Bissau, le 5 mai, 2012

Chères amis et amies de Pambazuka,

Merci pour l’invitation de partager une partie des échanges entre mon amie du Mali, Assénatou, et moi. Assénatou et moi nous nous sommes rencontrées autour des causes et des combats communes au Mali et en Guinée-Bissau, en Afrique de l’Ouest. Nous nous sommes connues dans le cadre des mouvements citoyens pour plus de justice sociale dans notre continent, plus de ressources et des moyens de vies stratégiques sauvegardés pour le bien-être de nos populations et des générations futures. C’est à partir de ces combats que nous sommes devenues des grandes amies, des vraies sœurs que nous sommes aujourd’hui.

J’aimerais partager avec vous combien Assénatou, avec sa lucidité, sa sagesse et son grand courage, a réussit à nous insuffler ce même courage et conscience, partageant avec nous son parcours et son combat d’aujourd’hui au Mali et ainsi, elle alimente et inspire aussi notre combat en Guinée-Bissau.

J’aimerais expliquer que cette correspondance ne s’est pas arrêtée là. Elle continue et se poursuivra entre nous, par des e-mails et des appels téléphoniques, au fur et à mesure que les situations dans nos respectifs pays évoluent et que nous sentons le besoin de se renforcer mutuellement, de se partager de l’amitié et de la tendresse. Ainsi, nous nous encourageons mutuellement, nous nous inspirons et nous gardons confiance dans l’avenir même s’il est lointain.

Nous souhaiterions partager ce témoignage, non parce que nous trouvons notre histoire originale ou spéciale. Non, c’est parce que nous savons qu’elle est si banale et se passe généralement dans l’ombre. Avec nos témoignages, nous souhaiterions rendre visibles ces échanges entre deux simples citoyennes de l’Afrique qui se partagent leur rêve, leur souffrance, leurs espoirs et leur action civique pour que notre continent devienne notre terre promise, la terre où nos enfants et nos petits-enfants pourront vivre en paix et justice, solidarité et prospérité. Et nous souhaiterions encourager davantage d’échanges et plus de manifestations de solidarité entre les citoyens de l’Afrique, pour que la chaleur et l’étreinte de l’amitié et de la fraternité des nôtres soient plus intenses, plus proches et plus perceptibles que celles d’autres peuples qui nous témoignent déjà leur sympathie et leur solidarité, un peu partout dans le monde.

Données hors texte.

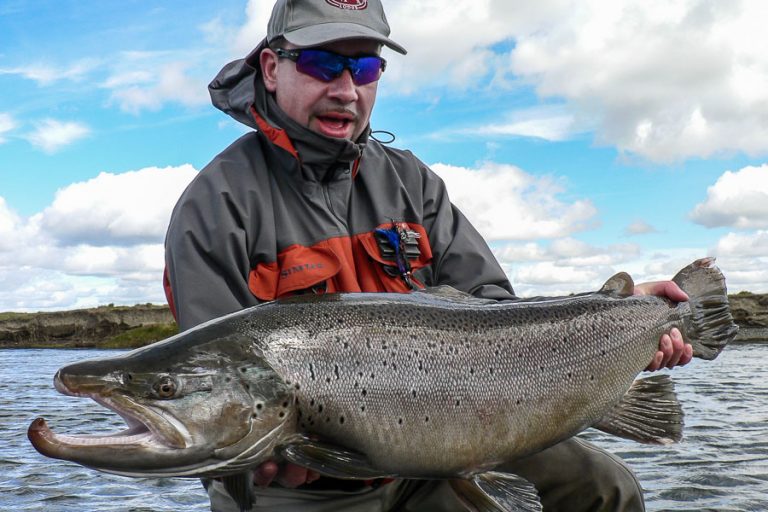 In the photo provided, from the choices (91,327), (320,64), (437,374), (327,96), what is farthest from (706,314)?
(91,327)

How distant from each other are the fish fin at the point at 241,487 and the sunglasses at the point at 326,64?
2.09 metres

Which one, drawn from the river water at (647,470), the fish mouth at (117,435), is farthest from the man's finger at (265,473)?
the river water at (647,470)

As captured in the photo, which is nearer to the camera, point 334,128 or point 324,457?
point 324,457

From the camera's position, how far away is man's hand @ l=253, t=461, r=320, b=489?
10.4ft

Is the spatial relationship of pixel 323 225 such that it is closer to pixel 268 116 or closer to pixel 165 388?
pixel 268 116

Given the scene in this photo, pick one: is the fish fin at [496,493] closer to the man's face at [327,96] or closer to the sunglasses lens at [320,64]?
the man's face at [327,96]

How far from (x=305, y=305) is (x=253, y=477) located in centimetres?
76

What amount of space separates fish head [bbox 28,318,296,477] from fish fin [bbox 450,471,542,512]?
907 millimetres

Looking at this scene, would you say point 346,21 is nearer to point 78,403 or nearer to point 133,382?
point 133,382

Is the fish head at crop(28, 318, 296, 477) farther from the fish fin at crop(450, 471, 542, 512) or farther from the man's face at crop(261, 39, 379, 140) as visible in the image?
the man's face at crop(261, 39, 379, 140)

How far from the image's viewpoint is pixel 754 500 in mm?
6113

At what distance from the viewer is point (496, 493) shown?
349cm

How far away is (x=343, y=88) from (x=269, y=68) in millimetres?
501

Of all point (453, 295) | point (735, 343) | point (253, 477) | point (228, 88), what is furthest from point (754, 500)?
point (735, 343)
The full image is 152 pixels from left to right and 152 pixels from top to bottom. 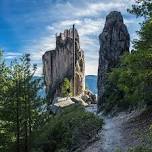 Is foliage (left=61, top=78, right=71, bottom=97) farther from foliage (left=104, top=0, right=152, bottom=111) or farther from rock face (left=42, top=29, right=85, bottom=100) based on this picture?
foliage (left=104, top=0, right=152, bottom=111)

Si les chefs d’États de l’Afrique se réunissent en sommet dans le cadre de la CEDEAO et de l’Union Africaine pour chercher des solutions pour nos pays victimes des coups d’États qui ressurgissent en force dans notre continent, alliés à toute sorte de violence, d’affaires sales et, surtout, de privation des droits civiques et politiques de nos populations, les intellectuels, les simples citoyens d’Afrique devraient, à leur tour, trouver des formes plus visibles et tangibles de se témoigner leur solidarité et leur engagement, de prendre le devant et parler d’une seule voix. Pour dire haute et fort que nul n’a le droit, au nom d’aucune justification, sous l’emprise d’aucune idéologie, d’aucune foi, nul n’a le droit de prendre son peuple en otage pour en faire son bouc émissaire, pour se donner la force de négocier et d’imposer des conditions et des solutions qui ne le sont pas du tout et qui ne servent d’aucune façon les besoins, les intérêts et les droits des peuples qu’ils disent représenter et défendre, mais qu’en réalité ils martyrisent, ils sapent l’avenir de leurs enfants, minent leurs espoirs et détruisent leurs rêves les plus chers !

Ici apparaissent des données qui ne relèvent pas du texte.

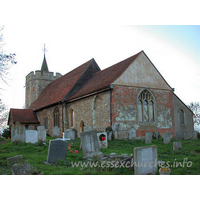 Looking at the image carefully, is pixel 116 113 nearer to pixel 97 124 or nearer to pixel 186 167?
pixel 97 124

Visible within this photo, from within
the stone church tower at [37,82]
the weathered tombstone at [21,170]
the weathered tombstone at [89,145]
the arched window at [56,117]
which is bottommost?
the weathered tombstone at [21,170]

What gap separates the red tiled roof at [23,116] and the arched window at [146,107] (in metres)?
14.3

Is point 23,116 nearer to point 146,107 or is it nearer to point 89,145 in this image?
point 146,107

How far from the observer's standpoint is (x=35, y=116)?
28.1 metres

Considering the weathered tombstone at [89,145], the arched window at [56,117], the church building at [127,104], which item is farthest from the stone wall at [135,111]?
the arched window at [56,117]

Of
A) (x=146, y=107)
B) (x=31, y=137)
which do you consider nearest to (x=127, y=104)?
(x=146, y=107)

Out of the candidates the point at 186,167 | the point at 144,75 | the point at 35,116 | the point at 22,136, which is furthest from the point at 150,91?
the point at 35,116

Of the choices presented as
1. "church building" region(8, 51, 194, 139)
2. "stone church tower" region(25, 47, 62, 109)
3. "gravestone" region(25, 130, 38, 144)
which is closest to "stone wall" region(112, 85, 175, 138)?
"church building" region(8, 51, 194, 139)

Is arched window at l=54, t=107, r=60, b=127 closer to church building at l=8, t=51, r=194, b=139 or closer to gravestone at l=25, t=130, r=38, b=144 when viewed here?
church building at l=8, t=51, r=194, b=139

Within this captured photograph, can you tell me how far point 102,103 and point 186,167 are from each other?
1119 cm

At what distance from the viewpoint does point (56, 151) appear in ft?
25.6

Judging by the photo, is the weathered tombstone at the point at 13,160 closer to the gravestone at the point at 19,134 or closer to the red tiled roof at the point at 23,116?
the gravestone at the point at 19,134

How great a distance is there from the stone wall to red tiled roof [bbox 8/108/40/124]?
14.0m

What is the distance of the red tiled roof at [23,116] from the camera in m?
26.1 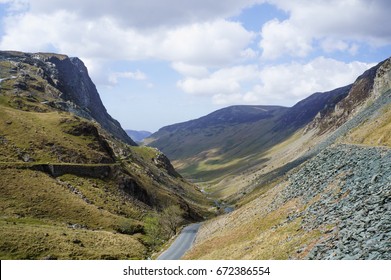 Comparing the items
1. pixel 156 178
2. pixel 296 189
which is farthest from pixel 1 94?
pixel 296 189

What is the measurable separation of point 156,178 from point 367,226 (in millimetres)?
154157

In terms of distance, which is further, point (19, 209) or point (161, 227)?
point (161, 227)

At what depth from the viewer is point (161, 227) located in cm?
10806

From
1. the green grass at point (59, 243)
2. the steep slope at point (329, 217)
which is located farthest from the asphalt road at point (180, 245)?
the steep slope at point (329, 217)

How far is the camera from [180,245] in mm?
85125

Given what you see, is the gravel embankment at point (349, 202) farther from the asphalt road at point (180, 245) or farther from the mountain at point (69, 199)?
the mountain at point (69, 199)

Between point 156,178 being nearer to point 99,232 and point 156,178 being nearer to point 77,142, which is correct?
point 77,142

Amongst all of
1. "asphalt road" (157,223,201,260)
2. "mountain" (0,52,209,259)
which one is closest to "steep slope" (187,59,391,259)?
"asphalt road" (157,223,201,260)

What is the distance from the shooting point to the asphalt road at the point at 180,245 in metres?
73.0

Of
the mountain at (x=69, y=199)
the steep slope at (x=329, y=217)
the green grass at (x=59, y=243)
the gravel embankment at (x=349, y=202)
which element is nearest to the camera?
the gravel embankment at (x=349, y=202)

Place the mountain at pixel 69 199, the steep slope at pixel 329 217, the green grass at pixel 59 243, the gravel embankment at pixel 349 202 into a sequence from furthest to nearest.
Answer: the mountain at pixel 69 199 → the green grass at pixel 59 243 → the steep slope at pixel 329 217 → the gravel embankment at pixel 349 202

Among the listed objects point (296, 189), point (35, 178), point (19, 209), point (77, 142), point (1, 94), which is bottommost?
point (296, 189)

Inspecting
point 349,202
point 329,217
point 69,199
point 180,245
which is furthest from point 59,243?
point 349,202

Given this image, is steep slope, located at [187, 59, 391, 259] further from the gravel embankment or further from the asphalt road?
the asphalt road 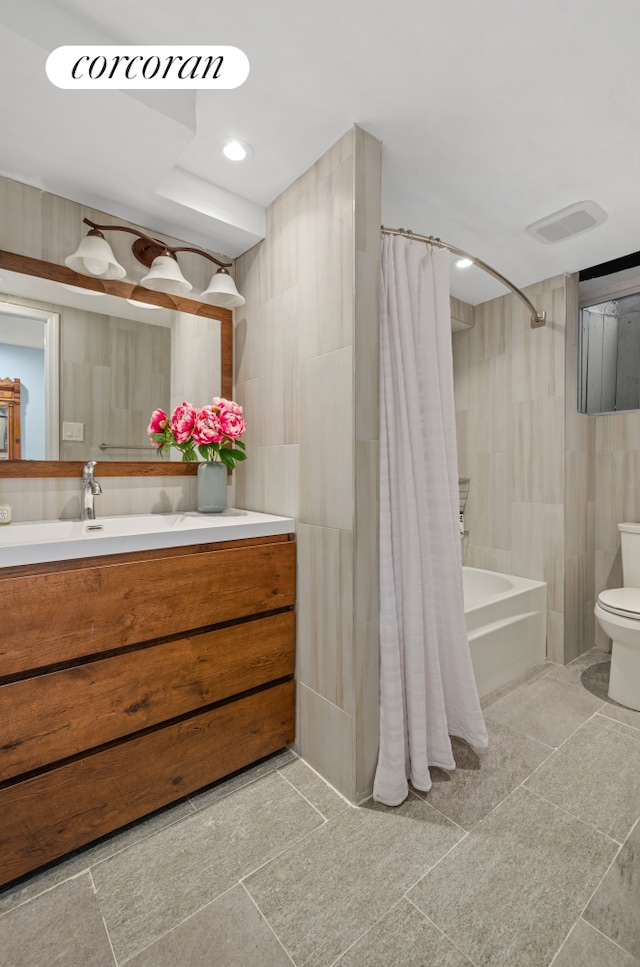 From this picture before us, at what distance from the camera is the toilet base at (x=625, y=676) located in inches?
84.0

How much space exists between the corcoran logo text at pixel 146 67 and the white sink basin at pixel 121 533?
1236mm

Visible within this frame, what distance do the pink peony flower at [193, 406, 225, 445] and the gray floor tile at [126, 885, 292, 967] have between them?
1.47 meters

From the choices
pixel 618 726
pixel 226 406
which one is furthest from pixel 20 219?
pixel 618 726

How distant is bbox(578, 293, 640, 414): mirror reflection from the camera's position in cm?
267

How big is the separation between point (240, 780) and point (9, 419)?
155 cm

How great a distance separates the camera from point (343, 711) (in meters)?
1.56

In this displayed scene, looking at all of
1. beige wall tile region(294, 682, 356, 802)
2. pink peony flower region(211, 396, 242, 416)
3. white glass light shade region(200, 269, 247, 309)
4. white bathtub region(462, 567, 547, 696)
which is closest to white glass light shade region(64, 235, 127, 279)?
white glass light shade region(200, 269, 247, 309)

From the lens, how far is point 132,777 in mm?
1401

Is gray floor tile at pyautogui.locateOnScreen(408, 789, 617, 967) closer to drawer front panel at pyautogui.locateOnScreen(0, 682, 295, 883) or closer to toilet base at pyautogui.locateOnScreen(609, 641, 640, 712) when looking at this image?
drawer front panel at pyautogui.locateOnScreen(0, 682, 295, 883)

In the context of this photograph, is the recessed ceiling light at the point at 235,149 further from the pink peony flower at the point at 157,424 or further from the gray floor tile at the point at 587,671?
the gray floor tile at the point at 587,671

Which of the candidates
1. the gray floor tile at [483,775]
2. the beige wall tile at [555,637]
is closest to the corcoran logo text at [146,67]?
the gray floor tile at [483,775]

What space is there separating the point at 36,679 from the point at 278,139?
6.13 feet

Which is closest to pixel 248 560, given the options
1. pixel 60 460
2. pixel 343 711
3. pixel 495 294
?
pixel 343 711

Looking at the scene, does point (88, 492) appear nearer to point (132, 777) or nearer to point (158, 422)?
point (158, 422) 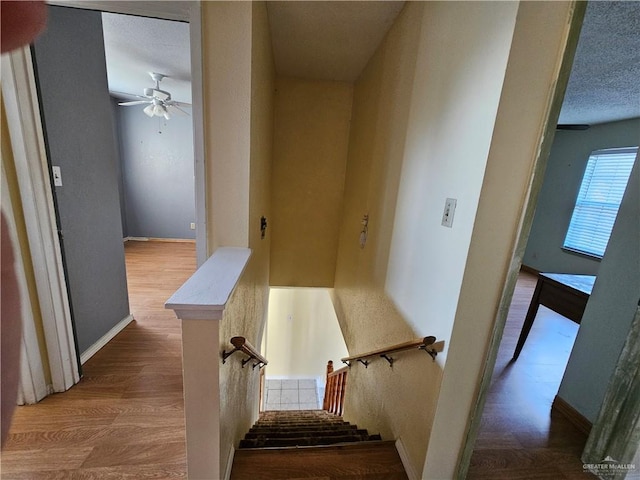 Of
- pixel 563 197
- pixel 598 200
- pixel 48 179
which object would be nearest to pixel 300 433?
pixel 48 179

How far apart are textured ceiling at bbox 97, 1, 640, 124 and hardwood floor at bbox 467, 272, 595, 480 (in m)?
2.45

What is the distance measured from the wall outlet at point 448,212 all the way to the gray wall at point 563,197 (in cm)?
441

Le cri du ras-le-bol c’est pour tous ces attentats contre les droits des générations présentes et future à une patrie en paix, en sécurité où on puisse bâtir notre future et notre bien-être, avec nos mains, nos têtes et nos cœurs.

Maria

COUP D’ETAT AU MALI LE 21 MARS, 2012

BISSAU, LE 22 MARS 2012

Ma très chère copine Assénatou,

J’ai essayé à plusieurs reprises de t’appeler au téléphone, mais tu étais successivement en communication.

Depuis hier soir qu’on est inquiet avec les nouvelles de ton pays, le Mali, une référence ouest-africaine en démocratie, prise, à son tour par un coup d’État. Ce n’est jamais gagné pour toujours, malheureusement. Mais cela nous étonne toujours, car notre mémoire est si courte.

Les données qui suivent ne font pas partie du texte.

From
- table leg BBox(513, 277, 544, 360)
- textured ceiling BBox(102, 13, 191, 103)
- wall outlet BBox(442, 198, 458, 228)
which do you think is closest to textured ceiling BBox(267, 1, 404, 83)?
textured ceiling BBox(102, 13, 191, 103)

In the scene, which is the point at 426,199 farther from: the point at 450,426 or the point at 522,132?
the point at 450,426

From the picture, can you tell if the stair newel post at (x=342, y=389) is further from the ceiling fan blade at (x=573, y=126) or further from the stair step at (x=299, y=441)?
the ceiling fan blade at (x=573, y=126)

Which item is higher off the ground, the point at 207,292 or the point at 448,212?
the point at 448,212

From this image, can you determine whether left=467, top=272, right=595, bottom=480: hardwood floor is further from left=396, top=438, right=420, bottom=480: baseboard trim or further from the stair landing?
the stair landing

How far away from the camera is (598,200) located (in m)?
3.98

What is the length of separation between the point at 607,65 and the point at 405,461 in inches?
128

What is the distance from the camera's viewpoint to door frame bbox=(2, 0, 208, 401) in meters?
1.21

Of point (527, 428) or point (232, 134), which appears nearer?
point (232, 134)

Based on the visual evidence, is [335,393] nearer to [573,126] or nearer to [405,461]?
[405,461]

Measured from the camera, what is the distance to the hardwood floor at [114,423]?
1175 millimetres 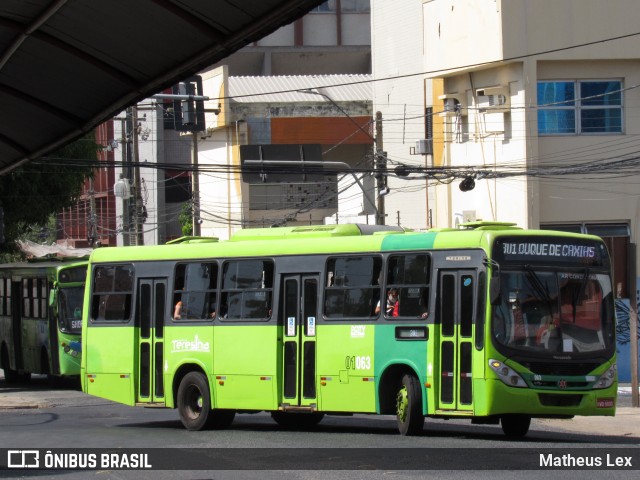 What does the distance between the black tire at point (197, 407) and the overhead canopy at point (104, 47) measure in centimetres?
953

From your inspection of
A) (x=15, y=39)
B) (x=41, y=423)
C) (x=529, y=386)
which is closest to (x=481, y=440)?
(x=529, y=386)

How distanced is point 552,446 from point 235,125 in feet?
127

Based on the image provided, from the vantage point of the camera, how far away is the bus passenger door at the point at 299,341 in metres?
17.4

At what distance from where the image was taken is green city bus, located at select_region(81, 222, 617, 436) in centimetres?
1569

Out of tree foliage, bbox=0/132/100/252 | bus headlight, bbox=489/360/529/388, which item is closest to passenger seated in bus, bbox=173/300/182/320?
bus headlight, bbox=489/360/529/388

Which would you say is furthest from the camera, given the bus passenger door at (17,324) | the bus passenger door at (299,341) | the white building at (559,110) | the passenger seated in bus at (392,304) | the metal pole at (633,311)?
the white building at (559,110)

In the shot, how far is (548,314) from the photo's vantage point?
15859 millimetres

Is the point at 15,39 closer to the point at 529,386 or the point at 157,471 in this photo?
the point at 157,471

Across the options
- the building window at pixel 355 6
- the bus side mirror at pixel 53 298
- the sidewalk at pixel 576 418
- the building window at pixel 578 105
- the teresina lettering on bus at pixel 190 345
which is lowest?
the sidewalk at pixel 576 418

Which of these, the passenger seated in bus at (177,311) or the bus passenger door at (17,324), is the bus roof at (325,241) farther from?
the bus passenger door at (17,324)

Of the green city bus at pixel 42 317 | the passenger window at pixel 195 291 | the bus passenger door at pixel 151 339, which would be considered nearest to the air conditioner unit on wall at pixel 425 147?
the green city bus at pixel 42 317

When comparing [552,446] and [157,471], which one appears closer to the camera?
[157,471]

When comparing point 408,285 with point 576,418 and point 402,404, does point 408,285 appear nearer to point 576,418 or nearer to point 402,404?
point 402,404

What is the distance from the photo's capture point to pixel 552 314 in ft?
52.1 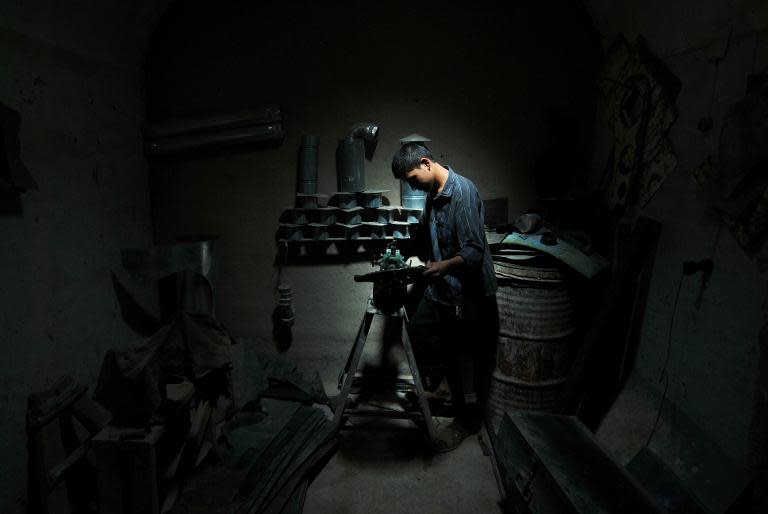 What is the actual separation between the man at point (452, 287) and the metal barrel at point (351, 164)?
60 centimetres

Maman demande de tes nouvelles, car elle aussi a appris par la radio ce qui est en train d’arriver au Mali. Ma famille me demande tes coordonnées pour t’envoyer un mot. Après des essais successives pour te rejoindre par téléphone sans réussite, je me suis décidée à te faire ce message pour te souhaiter du courage, beaucoup de courage et de la patience. Il y a un dicton créole qui dit : « Tous ce qui commence, se terminera un jour ». Le Mali va retrouver à nouveau les voies pacifiques et démocratiques pour résoudre les différends parmi les siens. Que Dieu souffle de la tolérance, de la générosité et de la sagesse dans les cœurs de touts les leaders et de toutes les forces vives du Mali, pour ouvrir les voies au dialogue démocratique et inclusif, pour refonder les piliers de la démocratie au Mali en tenant compte des aspirations légitimes de progrès des Maliens, des plus jeunes en particulier. On prie et on va continuer à prier pour le Mali, pour l’Afrique. Pour toi et ta famille, pour tous les Africains et Africaines qui embrassent leurs pays avec cœur.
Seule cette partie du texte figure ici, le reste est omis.